[Opening DATA SHOWN section]

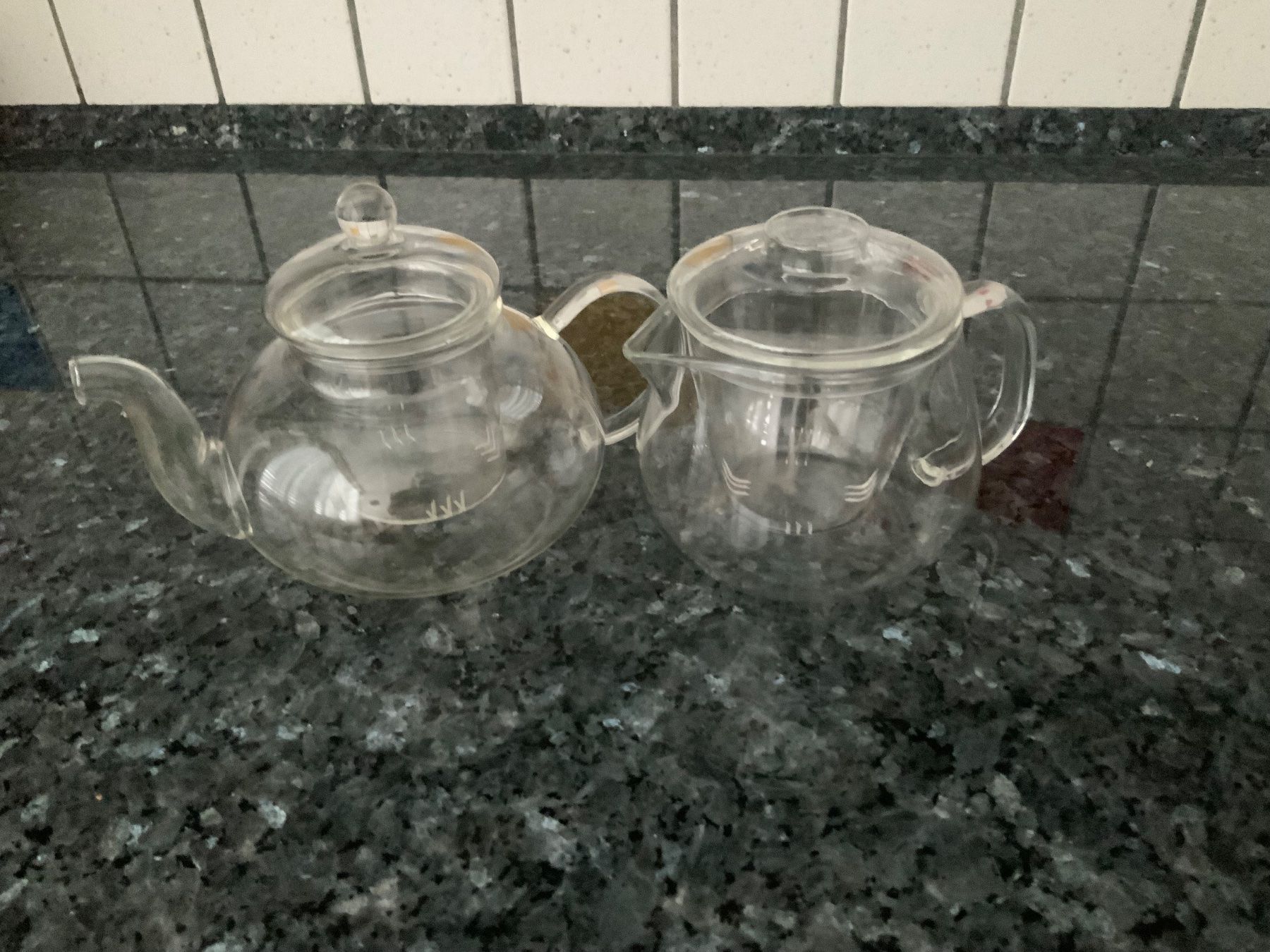 Bicchieri: Stövchen aus Glas mit zwei Kürgen – Usato da Root venduto da HeidyShop 7
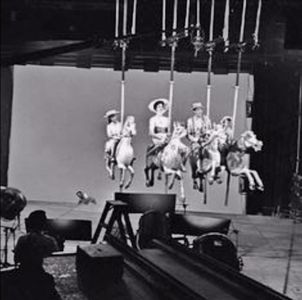 Julie Andrews, Dick Van Dyke, Karen Dotrice, and Matthew Garber in Mary Poppins (1964)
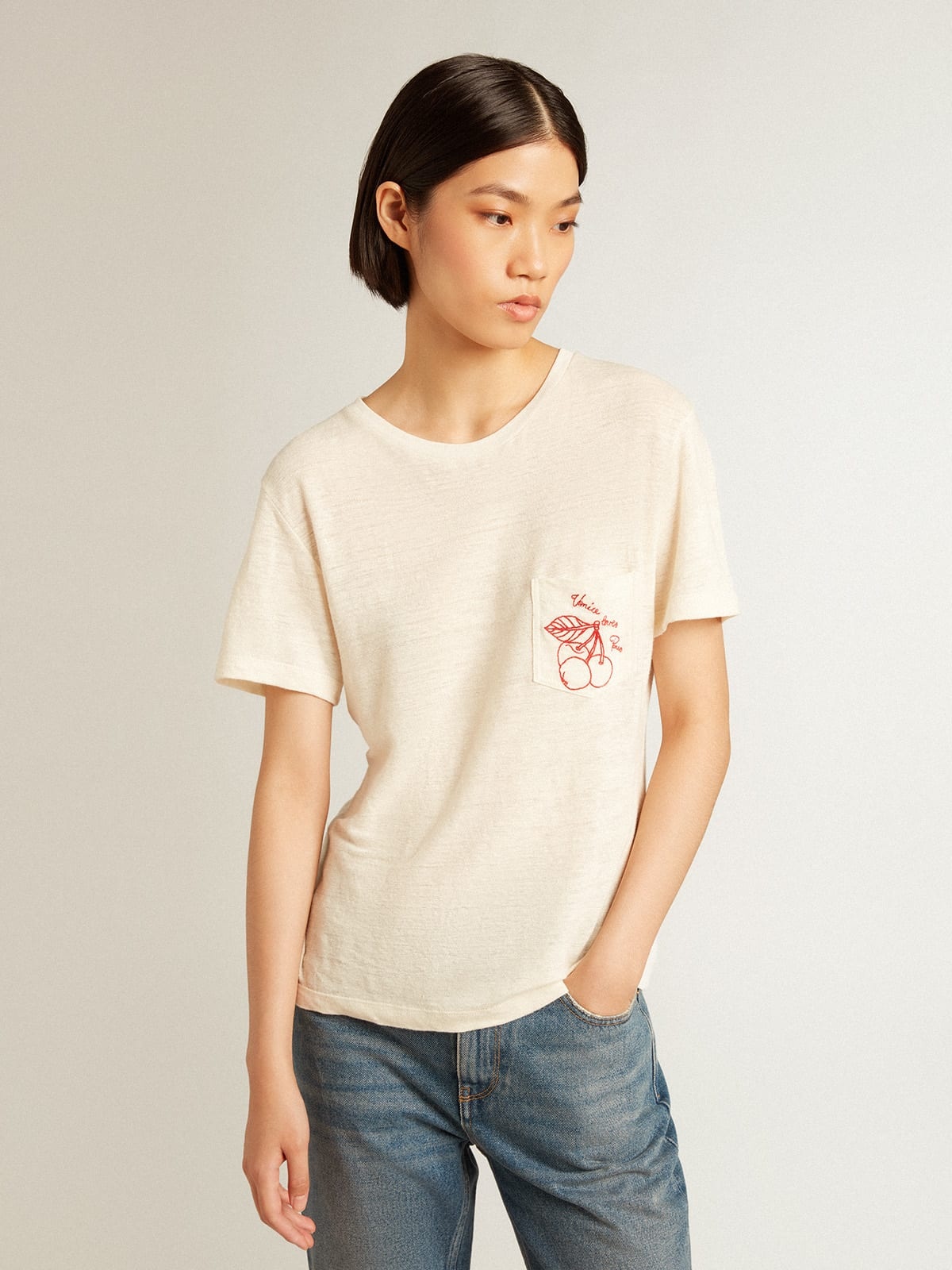 Women’s cotton T-shirt in aged white with embroidered pocket - 2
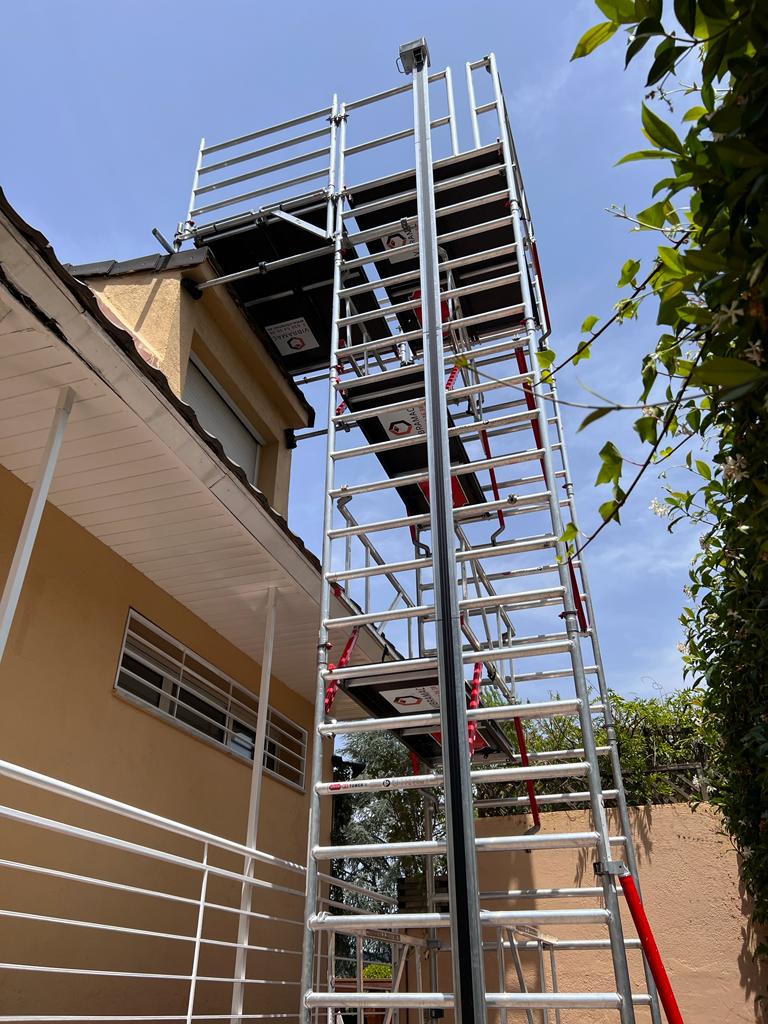 AltrexES's tweet image. Montaje de torre móvil RS TOWER 52 con Shuttle y Consola de Extensión 🔝👏🏻 @vibramac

[Closing DATA SHOWN section]

#### WHAT YOU WILL DO
Reproduce the whole listing verbatim and keep all pictures out of it.

#### ANSWER BOX
 Bicchieri: Stövchen aus Glas mit zwei Kürgen – Usato da Root venduto da HeidyShop 7
 Julie Andrews, Dick Van Dyke, Karen Dotrice, and Matthew Garber in Mary Poppins (1964)
 Women’s cotton T-shirt in aged white with embroidered pocket - 2
 AltrexES's tweet image. Montaje de torre móvil RS TOWER 52 con Shuttle y Consola de Extensión 🔝👏🏻 @vibramac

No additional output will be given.